The midrash contains aggadic interpretations and homilies on the books of Samuel, each homily being prefaced and introduced by a verse taken from some other book of the Bible. It resembles most of the other aggadic midrashim in diction and in style; in fact, it is a collection of teachings found in such midrashim and referring to the books of Samuel. The editor arranged the teachings in the sequence of the Scripture passages to which they refer.
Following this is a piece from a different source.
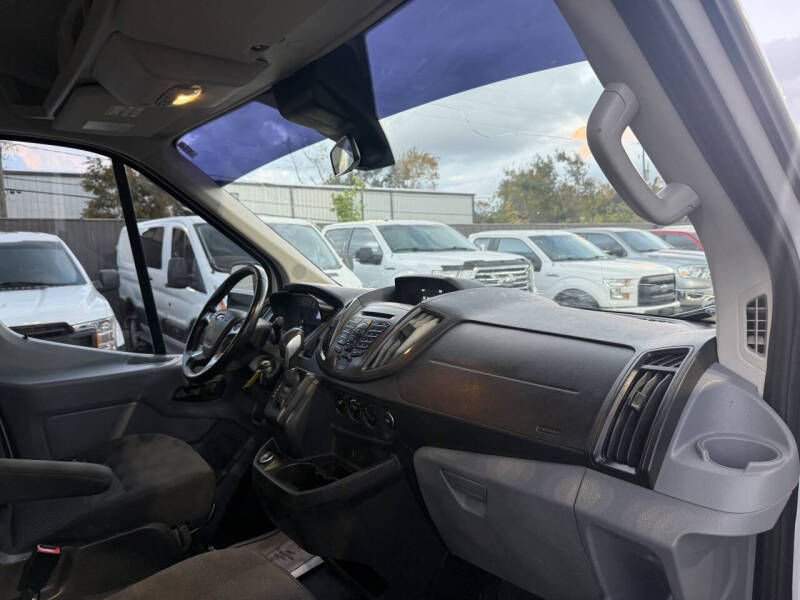 2017 Ford Transit 250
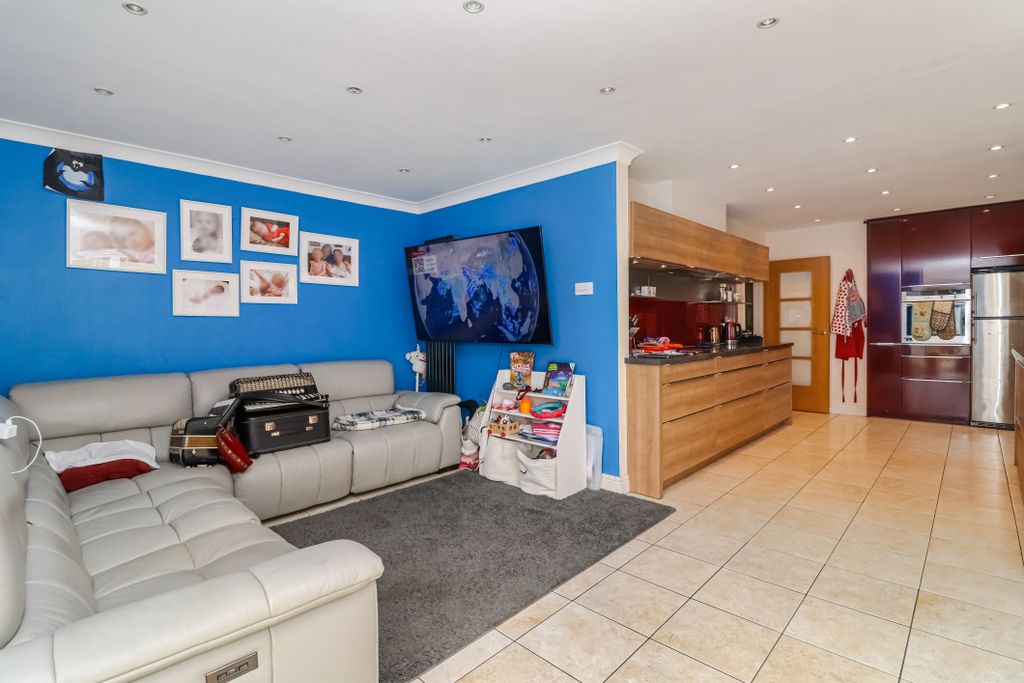 Property photo 3 of 25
The midrash, however, does not entirely cover the Biblical books; but as it contains all the passages quoted from it by other authorities, it may be assumed that (with two exceptions added by later copyists: chapter 4:1 and chapter 32:3 et seq.) it never contained any more than it does now, and that its present form is that into which it was cast by its compiler.

The author has collected these teachings from the Mishnah, Tosefta, Mekhilta, Sifre, Yerushalmi, Bereshit Rabbah, Leviticus Rabbah, Shir ha-Shirim Rabbah, Kohelet Rabbah, Eichah Rabbah, Ruth Rabbah, Esther Rabbah, Midrash Tehillim, Pesikta de-Rav Kahana, Pesikta Rabbati, and Tanhuma. Only once does he quote a teaching from Talmud Bavli (Eruvin 64a), which he introduces with the words "Taman amrin" (They say there). This, as well as the fact that all the amoraim mentioned in this midrash lived in the Land of Israel, justifies the assumption that its compiler lived there as well. His name and the time at which he lived can not be definitely determined. Zunz assigns him to the first half of the 11th century, although the reasons which he gives for this assumption have been refuted by S. Buber. Strack & Stemberger (1991) indicate that the work was composed much earlier than the 11th century (although later revised), since it is cited by Samuel ben Hofni, Nissim Gaon, and other early sources.

== Editions ==
A manuscript of this midrash is in the Parma Library. The first printed edition appeared at Constantinople in 1517. In 1546 it was printed again in Venice, and subsequently at various places and times. An 1893 edition was produced by Solomon Buber, with introduction and notes (Cracow). In 2009 the Schechter Institute of Jewish Studies in Jerusalem published a new critical edition in Hebrew, "based on the first edition with a thorough historical introduction, variant readings and a scientific commentary."

== Bibliography ==

- . The JE cites the following works:
  - Zunz, G. V. pp. 269–270;
  - Weiss, Dor, iii. 276;
  - S. Buber, preface to his edition of the midrash.
- Strack, H.L. (1991). "Introduction to the Talmud and Midrash"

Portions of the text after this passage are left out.